Closshey describes the movie as a “Sweet Home Alabama Meets” and “A Wonderful Life.” From the producers of “Hit and Run,” the film is expected to premier as a TV movie. It follows an aspiring musician who returns to her small hometown after her father dies.
A triple threat, not only can Closshey act, but also she is a musician and composer, making her a perfect fit for the part of the vivacious musician.
“That’s one of the things that is so intriguing about this character,” Closshey says. “She’s a musician. Like any artist, she’s trying to find her voice. Without that journey, as an artist, you’re just recreating not creating something new.”
If all goes according to the script, in the opening scene, Closshey will be playing the violin. In the closing scene, she will be leading a Christmas carol on the piano. The movie contains original and seasonal music.
“We’ve really got an amazing team on the project,” Closshey says. “It’s really a stellar team of songwriters and producers.
This isn’t Closshey’s first experience with performing.
In 2012, she spent the summer in Australia working on a theatrical show, “Feather,” which had its world debut in Queensland at The J Noosa. Originally called “Catharsis,” the show is performed in a style that has never been done before. Each show benefits a charity. One person from the charity is selected to have their story told and performed on-stage. Furthermore, an artist from New Guinea paints that person’s portrait in the middle of the performance.
Closshey produced, starred and wrote the music for the performance. She directed the mood of the scenes with musical compositions she also improvised at times.
“You have the freedom to create in that moment, similar to the visual art,” she says. “You never know what you’re going to get, which is exhilarating.”
Closshey hopes that the performance will make its American debut on Broadway at the New York Musical Theatre Festival, in July. If not, the show was invited back to Australia for a tour.
Closshey works at a fiery pace. She wrote the music for “Feather” in just three weeks. Before that, she was commissioned in May 2012, to compose a yoga album for the 13th Annual Association of Comprehensive Energy Psychology. It took her one week to make the music flow into an album called “Glimpse.”

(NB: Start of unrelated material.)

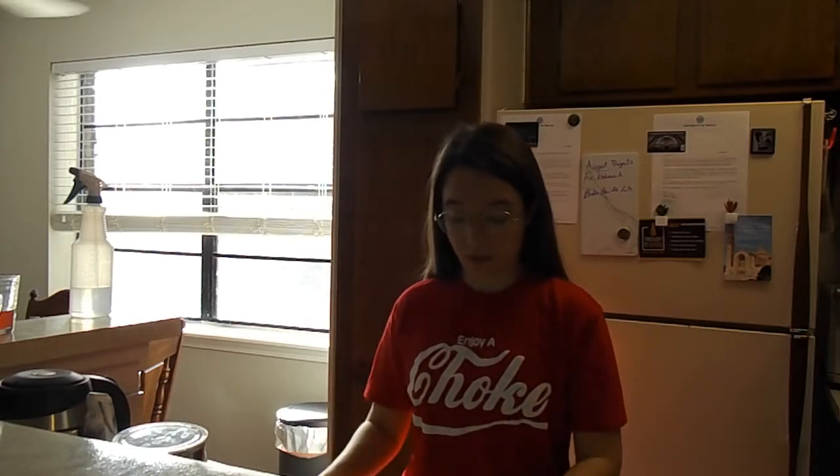Hey guys, welcome to another episode of Broke Barista Life. I'm Miranda, the Broke Barista. Today I'm going to be teaching y'all how to make drip coffee. Drip coffee is just what pretty much everybody thinks of whenever they say that they're making coffee at home through a little coffee pot.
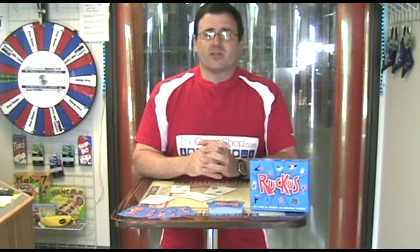It's a lot of fun and it's one of those games that you can play for ages six and up — you can play all adults and you can play all kids. We've had a great time and laughed, and Ruckus is a terrific game, I highly recommend it. You can find it at thegameshop.com and it's $9.95. Thanks, see you next time.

Closshey also scored her first short film, “Walking with Francis,” in one month. The film, about the life of St. Francis Assisi, premiered in Italy and will be distributed by the Vatican.
“That’s the beauty of faith and connectivity,” Closshey says. “I’m not even Catholic, but good story and message transcends presets that humans have.”
BORN TO PERFORM
Closshey has been telling stories since she was a red-headed infant on the packaging of Northern Bathroom Tissue. She attended the Harrison Center for Performing Arts, in Lakeland. She purposefully chose not to go to conservatory after high school and instead obtained degrees in marketing management and exercise science from Florida Southern College, in Lakeland.
“I didn’t want performing beaten into me,” Closshey says. “I wanted to have the freedom of exploration. I didn’t want it to be a job.”
But Closshey came back to singing and acting. She performed as a violinist during a Josh Groban tour and shared the stage with the Trans-Siberian Orchestra and Frank Sinatra Jr. She continued her artistic education at both Circle in the Square Theater School in New York City and with Juilliard’s Dalcroze studies.
Other theatrical performances include “A Thousand Cuts,” a television pilot, “Terminal Kill” and a variety of other feature and short-film appearances.
“I love being in a position where I can connect with people and connect people with people — whether that’s marketing or acting,” Closshey says.